**Assignment**
Your answer should be the line containing "We Tied The Knot - White Party Bags" and each line after it through the end of the data below, repeated exactly.

Items from a data source:
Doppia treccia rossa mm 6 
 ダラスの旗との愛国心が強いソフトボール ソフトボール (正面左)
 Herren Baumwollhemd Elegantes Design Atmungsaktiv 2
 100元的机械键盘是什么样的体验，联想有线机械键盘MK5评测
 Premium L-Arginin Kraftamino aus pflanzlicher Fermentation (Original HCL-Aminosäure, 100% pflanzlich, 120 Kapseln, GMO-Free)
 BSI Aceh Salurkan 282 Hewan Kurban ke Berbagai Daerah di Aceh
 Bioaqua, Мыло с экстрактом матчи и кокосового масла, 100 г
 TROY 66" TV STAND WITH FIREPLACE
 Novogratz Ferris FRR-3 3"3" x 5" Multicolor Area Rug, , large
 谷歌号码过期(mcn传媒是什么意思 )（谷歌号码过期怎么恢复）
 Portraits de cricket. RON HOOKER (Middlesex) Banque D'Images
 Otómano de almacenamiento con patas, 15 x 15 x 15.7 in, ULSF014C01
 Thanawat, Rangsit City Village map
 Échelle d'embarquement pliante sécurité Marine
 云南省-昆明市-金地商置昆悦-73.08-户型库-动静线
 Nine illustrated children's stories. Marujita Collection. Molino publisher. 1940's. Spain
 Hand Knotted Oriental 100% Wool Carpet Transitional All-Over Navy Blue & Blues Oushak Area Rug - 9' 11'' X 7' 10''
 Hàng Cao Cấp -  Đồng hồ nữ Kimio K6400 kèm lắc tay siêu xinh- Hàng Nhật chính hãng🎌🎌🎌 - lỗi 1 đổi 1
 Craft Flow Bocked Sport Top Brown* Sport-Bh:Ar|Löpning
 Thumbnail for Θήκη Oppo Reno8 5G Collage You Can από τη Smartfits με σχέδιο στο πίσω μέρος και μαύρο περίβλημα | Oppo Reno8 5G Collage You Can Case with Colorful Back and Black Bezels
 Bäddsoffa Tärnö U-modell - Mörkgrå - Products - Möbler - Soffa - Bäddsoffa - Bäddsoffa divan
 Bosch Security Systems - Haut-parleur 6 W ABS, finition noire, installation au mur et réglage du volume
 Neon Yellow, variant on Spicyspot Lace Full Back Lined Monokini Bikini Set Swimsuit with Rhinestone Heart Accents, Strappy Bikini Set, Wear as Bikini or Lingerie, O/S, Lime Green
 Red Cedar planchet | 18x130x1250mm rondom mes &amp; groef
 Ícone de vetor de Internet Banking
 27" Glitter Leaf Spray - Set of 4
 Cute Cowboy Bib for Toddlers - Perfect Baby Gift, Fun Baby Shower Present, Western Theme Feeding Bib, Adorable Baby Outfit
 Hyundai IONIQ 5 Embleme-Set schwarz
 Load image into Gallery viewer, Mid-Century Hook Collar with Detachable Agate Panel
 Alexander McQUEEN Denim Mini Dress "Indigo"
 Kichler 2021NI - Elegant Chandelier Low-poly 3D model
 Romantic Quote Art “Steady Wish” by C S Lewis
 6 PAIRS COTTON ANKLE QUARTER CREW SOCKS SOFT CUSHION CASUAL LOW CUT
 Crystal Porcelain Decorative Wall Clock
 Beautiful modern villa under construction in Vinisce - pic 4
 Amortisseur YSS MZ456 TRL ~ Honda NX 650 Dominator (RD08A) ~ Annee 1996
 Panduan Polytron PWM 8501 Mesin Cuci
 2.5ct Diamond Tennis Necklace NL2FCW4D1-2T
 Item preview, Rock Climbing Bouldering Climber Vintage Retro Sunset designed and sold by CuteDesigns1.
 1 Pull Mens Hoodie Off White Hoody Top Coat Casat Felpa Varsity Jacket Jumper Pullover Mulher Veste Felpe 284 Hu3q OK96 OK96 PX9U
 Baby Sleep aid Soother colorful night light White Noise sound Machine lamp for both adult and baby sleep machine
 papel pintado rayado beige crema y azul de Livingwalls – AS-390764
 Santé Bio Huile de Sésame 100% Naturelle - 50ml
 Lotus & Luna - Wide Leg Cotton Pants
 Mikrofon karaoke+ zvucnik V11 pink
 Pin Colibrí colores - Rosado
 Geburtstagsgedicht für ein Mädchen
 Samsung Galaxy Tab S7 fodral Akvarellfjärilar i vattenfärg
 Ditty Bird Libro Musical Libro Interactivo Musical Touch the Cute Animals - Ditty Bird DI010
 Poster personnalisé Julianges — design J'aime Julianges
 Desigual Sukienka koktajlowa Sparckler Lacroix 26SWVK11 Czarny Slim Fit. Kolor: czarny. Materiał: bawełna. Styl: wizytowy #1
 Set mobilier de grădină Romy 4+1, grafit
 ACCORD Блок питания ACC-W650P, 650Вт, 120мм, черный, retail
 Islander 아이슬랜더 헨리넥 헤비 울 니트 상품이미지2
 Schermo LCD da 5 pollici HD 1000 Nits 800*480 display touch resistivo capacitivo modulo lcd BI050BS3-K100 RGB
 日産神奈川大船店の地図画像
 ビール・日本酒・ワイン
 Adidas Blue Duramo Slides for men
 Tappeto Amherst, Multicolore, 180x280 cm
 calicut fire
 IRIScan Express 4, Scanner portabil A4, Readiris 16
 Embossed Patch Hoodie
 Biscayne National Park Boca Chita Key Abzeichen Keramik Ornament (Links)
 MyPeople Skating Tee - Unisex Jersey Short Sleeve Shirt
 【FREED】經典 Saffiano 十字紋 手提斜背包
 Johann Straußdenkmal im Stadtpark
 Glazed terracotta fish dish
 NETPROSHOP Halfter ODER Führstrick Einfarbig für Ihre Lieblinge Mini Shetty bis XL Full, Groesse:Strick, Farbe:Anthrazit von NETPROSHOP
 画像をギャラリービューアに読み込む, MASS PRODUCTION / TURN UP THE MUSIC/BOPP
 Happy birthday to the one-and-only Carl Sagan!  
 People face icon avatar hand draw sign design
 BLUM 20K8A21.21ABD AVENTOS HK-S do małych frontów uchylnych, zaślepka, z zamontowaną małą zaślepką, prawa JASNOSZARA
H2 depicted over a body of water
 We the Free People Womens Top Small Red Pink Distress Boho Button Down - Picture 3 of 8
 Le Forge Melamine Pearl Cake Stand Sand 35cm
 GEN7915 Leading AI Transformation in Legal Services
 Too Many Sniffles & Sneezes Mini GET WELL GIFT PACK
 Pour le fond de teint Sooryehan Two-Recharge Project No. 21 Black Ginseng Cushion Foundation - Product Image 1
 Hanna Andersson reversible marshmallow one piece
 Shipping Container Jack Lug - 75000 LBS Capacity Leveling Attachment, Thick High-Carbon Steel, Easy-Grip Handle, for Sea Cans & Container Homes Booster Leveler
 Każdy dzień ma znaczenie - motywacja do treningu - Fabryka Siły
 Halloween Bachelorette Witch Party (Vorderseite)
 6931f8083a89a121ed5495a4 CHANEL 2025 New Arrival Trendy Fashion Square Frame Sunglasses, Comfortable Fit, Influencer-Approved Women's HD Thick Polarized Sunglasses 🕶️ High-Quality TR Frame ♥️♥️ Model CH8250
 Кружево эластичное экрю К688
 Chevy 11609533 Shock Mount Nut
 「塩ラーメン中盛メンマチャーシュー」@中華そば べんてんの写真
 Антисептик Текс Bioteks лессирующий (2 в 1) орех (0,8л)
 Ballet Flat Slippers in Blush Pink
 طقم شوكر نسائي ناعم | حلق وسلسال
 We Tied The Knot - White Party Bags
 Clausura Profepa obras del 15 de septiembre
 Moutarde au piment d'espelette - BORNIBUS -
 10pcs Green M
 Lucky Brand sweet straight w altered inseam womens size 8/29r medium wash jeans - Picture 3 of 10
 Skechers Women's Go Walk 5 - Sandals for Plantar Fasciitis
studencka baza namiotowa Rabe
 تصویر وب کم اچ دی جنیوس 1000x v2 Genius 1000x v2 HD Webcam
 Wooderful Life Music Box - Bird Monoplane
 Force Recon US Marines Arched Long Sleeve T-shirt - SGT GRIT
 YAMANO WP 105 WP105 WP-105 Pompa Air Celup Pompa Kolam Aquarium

**Solution**
 We Tied The Knot - White Party Bags
 Clausura Profepa obras del 15 de septiembre
 Moutarde au piment d'espelette - BORNIBUS -
 10pcs Green M
 Lucky Brand sweet straight w altered inseam womens size 8/29r medium wash jeans - Picture 3 of 10
 Skechers Women's Go Walk 5 - Sandals for Plantar Fasciitis
studencka baza namiotowa Rabe
 تصویر وب کم اچ دی جنیوس 1000x v2 Genius 1000x v2 HD Webcam
 Wooderful Life Music Box - Bird Monoplane
 Force Recon US Marines Arched Long Sleeve T-shirt - SGT GRIT
 YAMANO WP 105 WP105 WP-105 Pompa Air Celup Pompa Kolam Aquarium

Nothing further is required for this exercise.